Morayngava: the “design of things.” Yngiru: the box of the spirits, the films, just like xaman dreams. This is how the Asurini define video, which has just arrived in their village. After discovering that it is possible to store their images, the old men lament that they never stored images of their ancestors and decided to register the initiation of a xaman, a tradition threatened by new times.
In this classic personal elegy, Kubota mourns her father's death and recounts the last days of his life. Reflecting on Kubota's use of the video medium, the television emerges as the link between Kubota and her father, with the melodramatic crooning of Japanese pop singers providing a backdrop for Kubota's real-life tragedy.
My Mother’s Place is an experimental documentary focusing on the artist’s mother, a third-generation Chinese-Trinidadian who at 80 still has vivid memories of a history lost or quickly disappearing. She conveys these with a storytelling style and a frankness that is distinctly West Indian. A tape about memory, oral history, and autobiography, My Mother’s Place interweaves interviews, personal narrative, home movies, and verité footage of the Caribbean to explore the formation of race, class, and gender under colonialism.
NOMADS at the 25 DOOR is presented in three chapters and based around a series of interviews between Finley and Mickey Yates, a 22-year-old woman serving a double life sentence in the Nevada Women’s Correctional Institution for the murder of her mother. Interweaving interview excerpts with footage of the upheaval in Eastern Europe, the tape explores the memory’s construction of an ephemeral homeland when a concrete one is lost, stolen or left behind.

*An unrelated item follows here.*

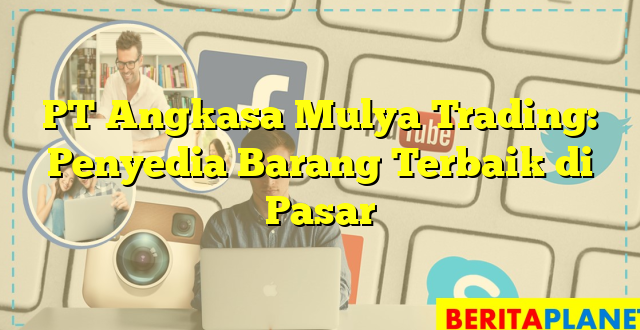 PT Angkasa Mulya Trading: Penyedia Barang Terbaik di Pasar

Oued Nefifik: A Foreign Movie is an experimental narrative that incorporates an actual political situation. The film was shot in the immediate aftermath of violent repression following food riots in Casablanca, June 1981. It characterizes the experience of a political event for people outside of it. The point of view is that of an absurd and sympathetic character based on Jacques Tati’s Mr Hulot, who is distanced from the post-colonial milieu in which he finds himself.
This video proposes an ironic metaphor to grasp the follies of U.S. government action and inaction in Central America. The process of learning U.S. policy is similar to the process of a young child acquiring the principles of language. These dual senses of literacy operate on several levels, situating a child’s consciousness within the contradictions of history comments on the illusory innocence of childhood, and the unexamined, but real, guilt of the U.S. government, its supporters and clients.

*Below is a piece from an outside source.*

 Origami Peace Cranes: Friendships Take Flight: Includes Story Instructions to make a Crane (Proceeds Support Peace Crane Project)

An experimental video about immigration. Looking at the potato (which was first cultivated in Peru) Papapapá paints a picture of a vegetable that has traveled and been transformed—following the migrating potato North where it becomes the potato chip, the couch potato, and the french fry. Papapapá simultaneously follows another Peruvian in motion, the artist’s father, Augusto Rivera. The stories of the two immigrants, the potato and Papa Rivera, converge as Augusto becomes a Peruvian couch potato, sitting on an American sofa, eating potato chips and watching Spanish language television.
Pemp traces the 25-year struggle of the Parakatêjê (Gavião) to maintain autonomy in the face of huge development projects in the south of Pará. From the initial recovery of their lands in 1957 through dealings with FUNAI in the 1970s and the appropriation of Brazil nut monopolies to their current negotiations with the government, Pemp shows the Parakatêjê’s most precious project; the preservation of their ceremonies and songs. The Kokrenum, chief and keeper of the group’s traditions, uses video to transmit them to future generations.

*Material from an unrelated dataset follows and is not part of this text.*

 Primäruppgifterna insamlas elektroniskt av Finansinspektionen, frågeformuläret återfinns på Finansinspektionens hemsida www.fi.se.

Pochonovela is a bilingual, bicultural blend of Latin America’s and the United States’ most popular television genres—the telenovela and the sitcom, respectively. The humor and madness of life in East Los Angeles are captured here in performances by members of the Los Angeles-based comedy troupe, Chicano Secret Service, and other U.S. Latino actors. This provocative comedy touches on political, social, cultural, linguistic, and family issues attendent to the cross cultural life of Mexican Americans living near or on the border—both psychologically and geographically.
A historical analysis of the on-going war in the Western Sahara. Liza Bear interviews Abdullah Majdid, the Polisario Front's United Nations representative. The tape addresses Morocco's U.S.-backed military effort to subjugate the indigenous Sahrawi population and annex one of the world's largest phosphate deposits, as well as the Sahrawis' conditions for a referendum.
A caricature of a professor teaching English to non-native speakers. Her mannerisms, her accent, the content of her speech—all are absurd, in the tradition of an Ionesco character. Images of the professor alternate with collages, many taken from Bobe’s other works. Through its ironic humor, La Profesora foregrounds the absurdity of teaching English in a country where many cannot read their native language. The prevalence of the English language in post- and neo-colonial societies is thus called into question, both politically and socially.
How useful is personal testimony to History? The most abstract of all the works that focus on personal narrative in this program is certainly Lisa Steele’s Birthday Suit with scars and defects, in which the artist gently caresses every scar on her body, names it, dates it, and describes the circumstances in which the scar was inscribed. These are traces that defy memory, and that indeed become an alternative memory. Steele’s video presents us with an abstraction of oneself, almost a schema of the body as it becomes a register of violence.
California has been multicultural for at least 100 years, home to Indians, Spaniards, and Anglos. An 1884 romance novel, in fact, paired a half-European/half-Indian woman with the son of a Luiseño Indian chief. This experimental video essay examines the conventional wisdom on mixing of the races and includes popular movie images from Elvis Presley’s film Flaming Star, The Last of the Mohicans, and West Side Story.
Sea In The Blood is a personal documentary about living with illness, tracing the relationship of the artist to thalassemia in his sister Nan, and AIDS in his partner Tim. At the core of the piece are two trips. The first is in 1962, when Richard went from Trinidad to England with Nan to see a famous hematologist interested in her unusual case. The second is in 1977 when Richard and Tim made the counterculture pilgrimage from Europe to Asia. The relationship with Tim blossomed, but Nan died before their return.